Verde põe preço do imóvel no azul

JULIANA GARÇON
FREE-LANCE PARA A FOLHA

"Da janela lateral do quarto de dormir/
Vejo uma igreja, um sinal de glória/
Vejo um muro branco e um vôo pássaro/
Vejo uma grade e um velho sinal."
Composta por Lô Borges e Fernando Brant, a "Paisagem da Janela" é traduzida em cifras pelo mercado imobiliário paulistano. Uma vista privilegiada, com uma área arborizada e horizonte amplo, pode elevar o valor do imóvel em cerca de 30%, conforme especialistas consultados pela Folha.
No mercado paulistano, as áreas verdes e horizontes vastos ganham importância comparável à de uma vista para o mar em cidades litorâneas. "Até há pouco tempo, bastava estar em andar alto para ter vista. Hoje, o importante é uma paisagem verde para potencializar o imóvel", diz Newman Amaral Brito, diretor comercial da Schahin Engenharia.

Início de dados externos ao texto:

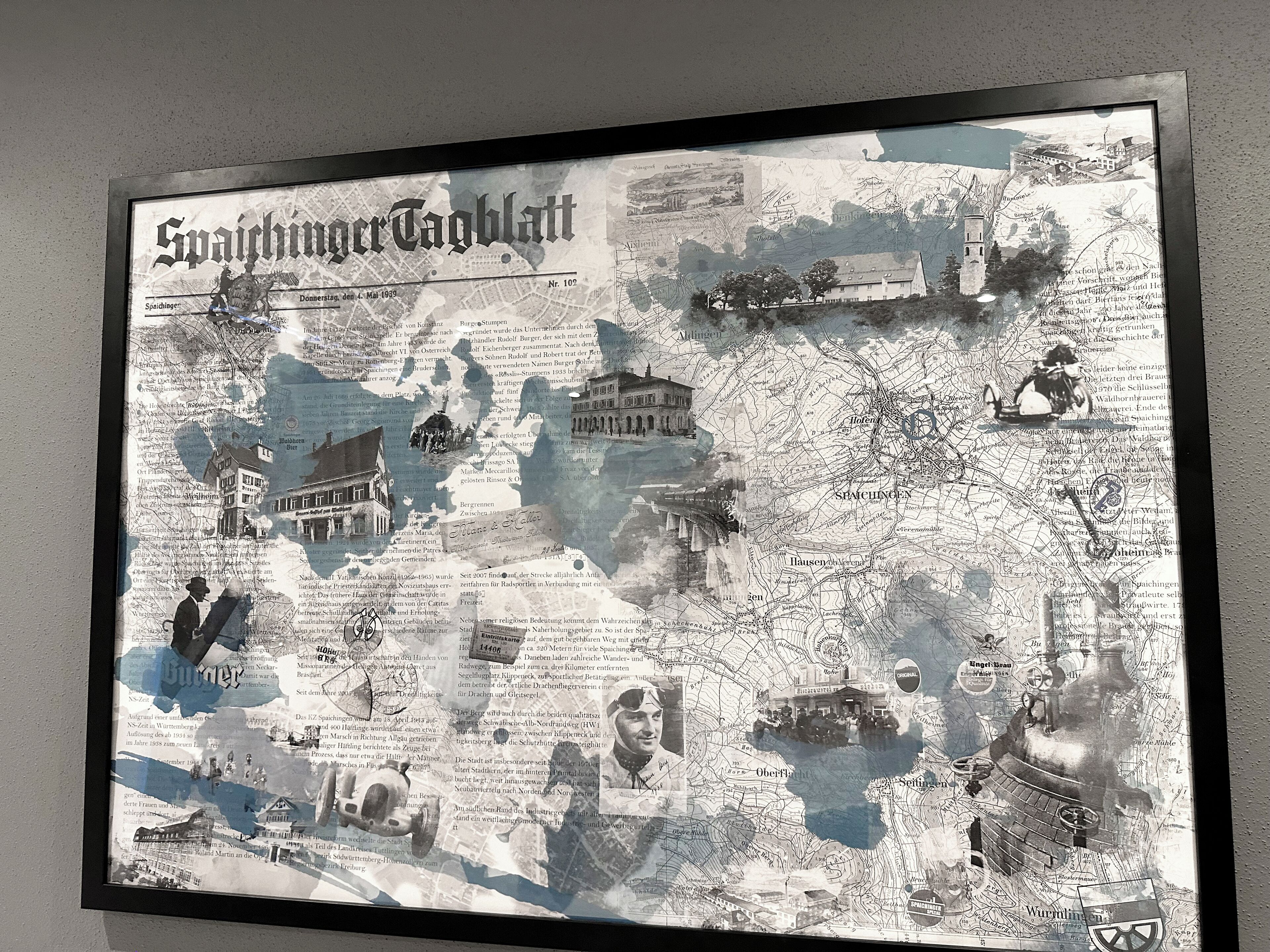 A framed map with historical annotations and illustrations of buildings and landmarks.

A valorização, analisa o urbanista João Sette Whitaker Ferreira, professor de pós-graduação da Faculdade de Arquitetura e Urbanismo (FAU) da USP, deriva da escassez de regiões ao mesmo tempo aprazíveis e com boa infra-estrutura urbana.
As regiões já valorizadas, diz ele, tendem a ver seus lotes encarecerem ainda mais. "Veja o Panamby: tem fácil acesso, infra-estrutura completa, proximidade de centros comerciais e trechos de mata atlântica preservada. E como é Z1 [zona estritamente residencial], não sofrerá adensamento urbano", raciocina.

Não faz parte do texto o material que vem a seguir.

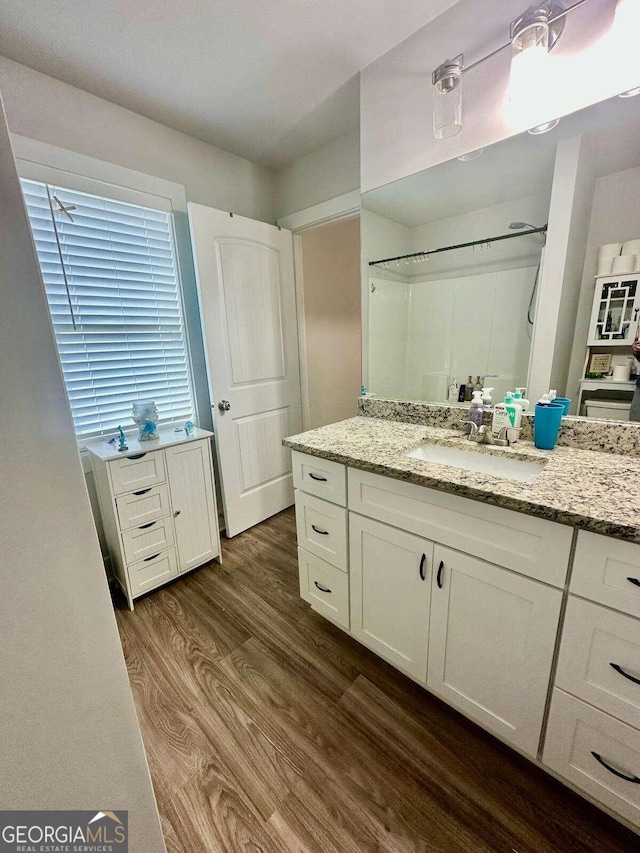 bathroom with vanity, wood-type flooring, and walk in shower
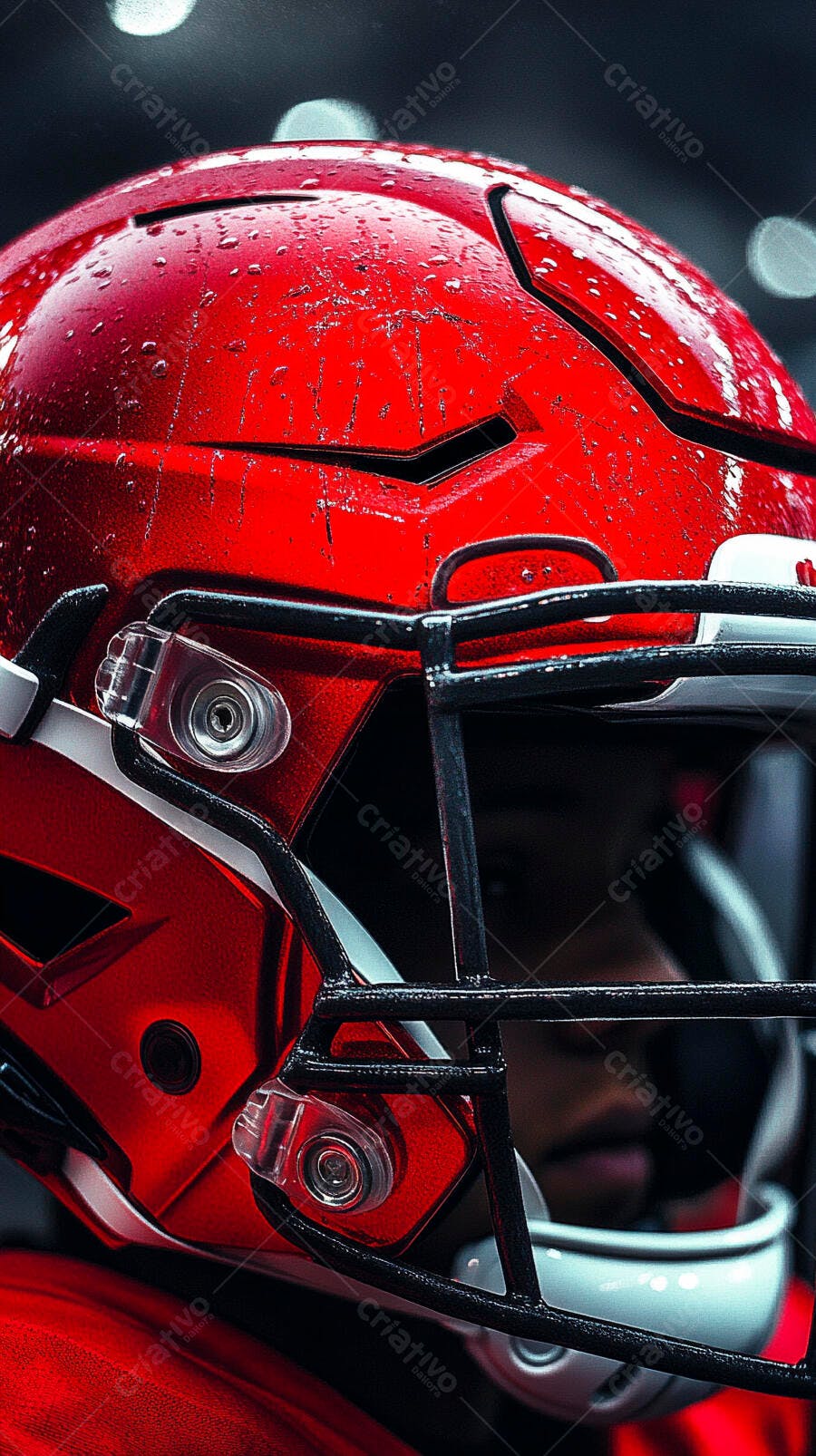 Capacete de futebol americano vermelho molhado com gotas de chuva em jogo noturno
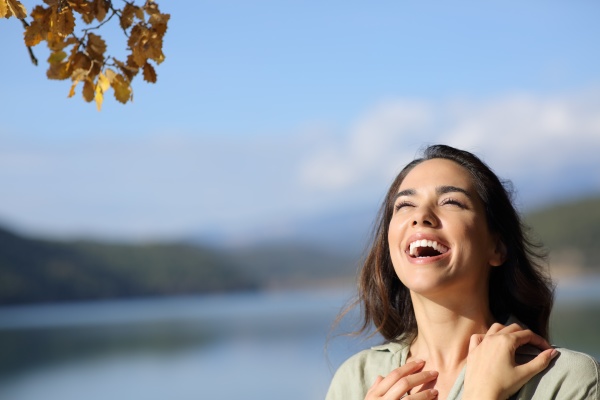 happy beauty woman laughing in nature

Já nas áreas mais tradicionais, como Jardins e Vila Nova Conceição, a tendência é manter "preços em patamares bem elevados, devido à falta de áreas disponíveis para novos empreendimentos", complementa Amaral Brito.

Acessível à vista
A paisagem da janela pode valorizar o imóvel, mas não é privilégio de uma clientela abastada.
Entre as opções para quem procura um panorama bucólico, José Augusto Viana Neto, presidente do Creci-SP (Conselho Regional dos Corretores de Imóveis de São Paulo), cita os parques da Água Branca (zona oeste) e da Aclimação (região central) e o Horto Florestal (zona norte), todos tradicionais da cidade.

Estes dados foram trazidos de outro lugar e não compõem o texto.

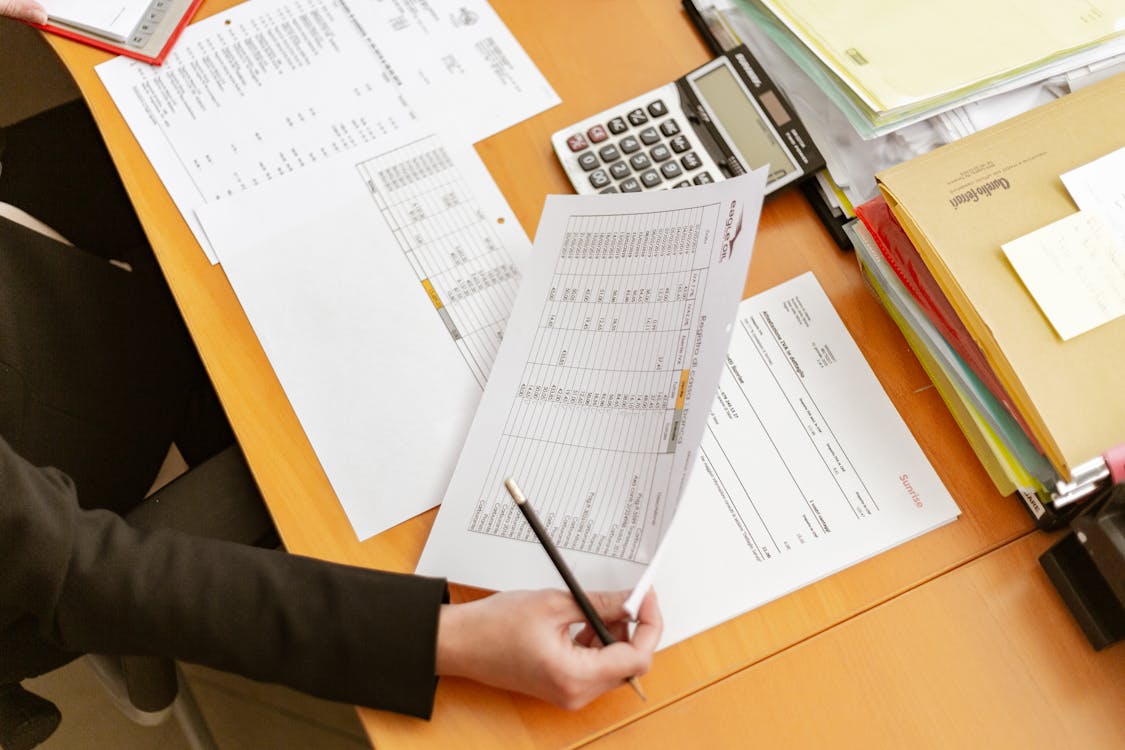 Person Holding White Printer Paper and Pen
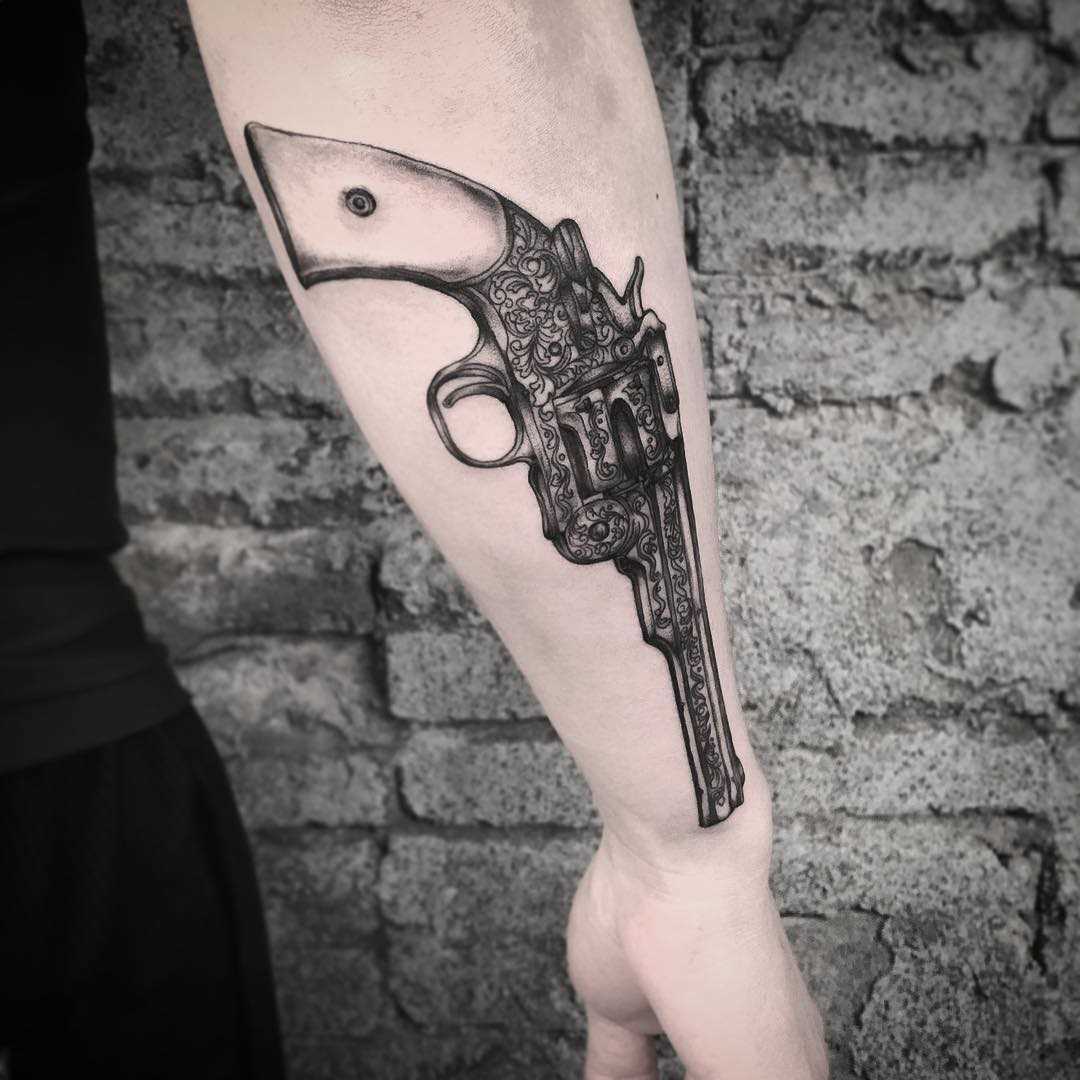 Tatuagem de revólver no antebraço cara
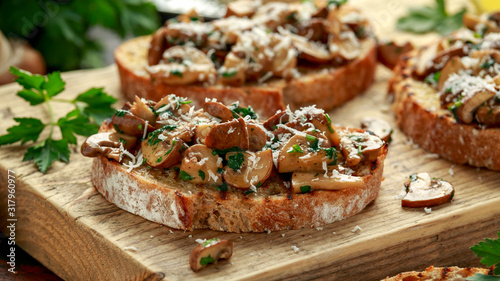 Fotografía Grilled mushroom toast with parsley, lemon and parmesan cheese on wooden board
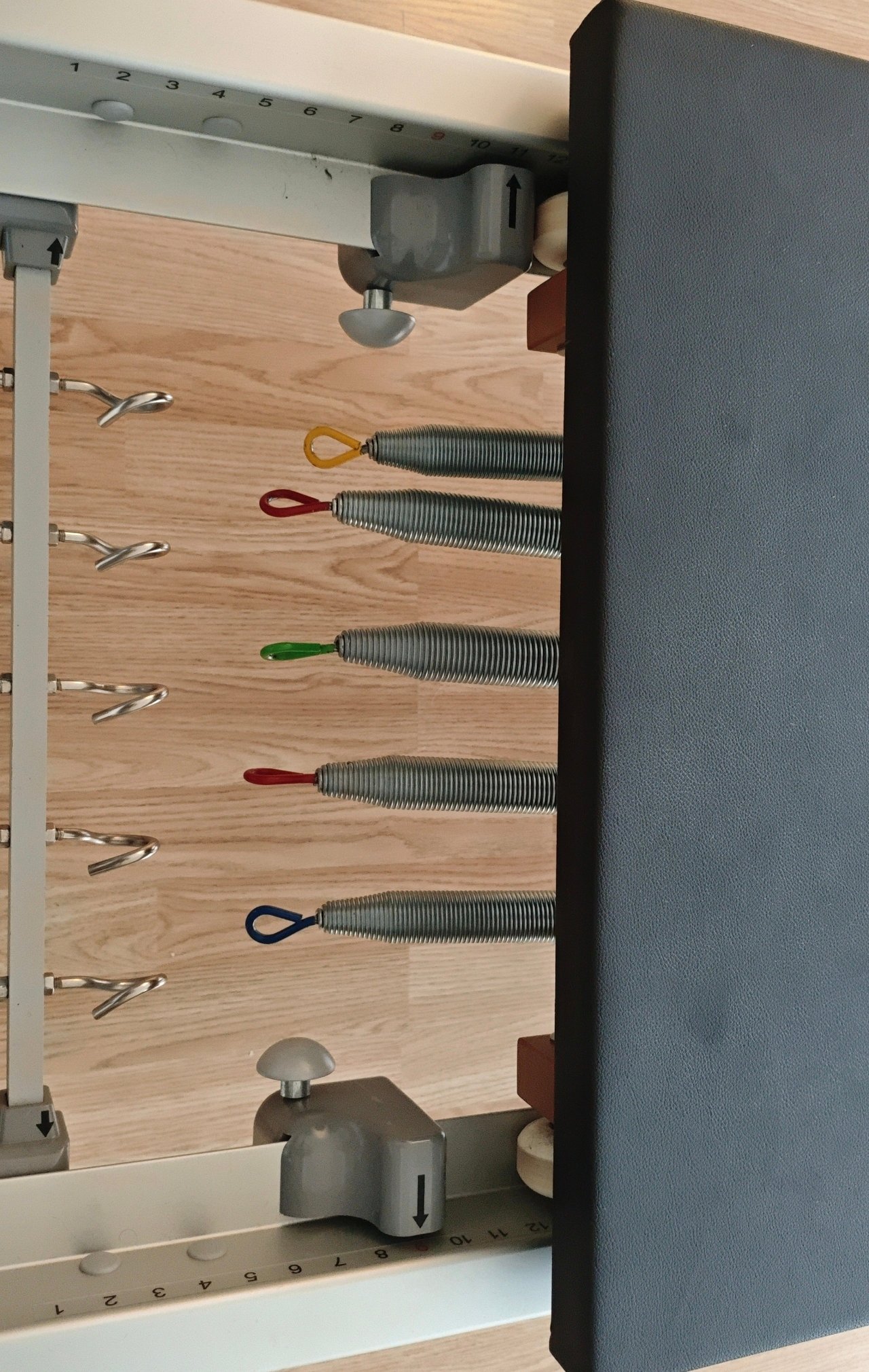 Close-up of the color-coded resistance springs on a Bonpilates Monitor Reformer and tower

Na Aclimação, o casal Flavia Rodrigues, 49, e Walter Troiani, 47, possui uma vista privilegiada para o parque. "Sempre estivemos perto do verde", conta Walter, que mora há seis anos com a família no apartamento de 250 m2 adquirido por US$ 500 mil na época da paridade cambial.
Bem menos luxuoso, o apartamento de 80 m2 da professora Maria Inês Nini da Luz possui vista comparável, debruçado sobre o lago do parque da Aclimação. "Acordo com a luz do sol ou com o ruído dos pássaros." O imóvel foi comprado há oito anos por cerca de R$ 90 mil. Atualmente, vale R$ 140 mil, estima a dona.

Gosto para tudo
A mancha verde e o horizonte largo, contudo, podem ser propiciados por um tipo de vizinho que não é unanimidade: o cemitério. Embora pareça incomodar cada vez menos os paulistanos, esse tipo de terreno causa arrepios a alguns moradores.
Terminal de ônibus, poço interno do edifício e janelas de outras residências são, por sua vez, vistas frequentemente reprovadas.
As favelas e as construções precárias também não chegam a ser um atrativo, mas, para parte dos vizinhos, não representam grande incômodo. A dona-de-casa Tânia Korukian não teve dúvidas ao comprar seu confortável apartamento, cuja varanda, com churrasqueira e piscina, debruça-se sobre a favela de Paraisópolis.
Ela não está, contudo, alheia à questão comercial. "Sabemos que esse apartamento, se vale US$ 500 mil, valeria US$ 1 milhão com outra paisagem", pondera.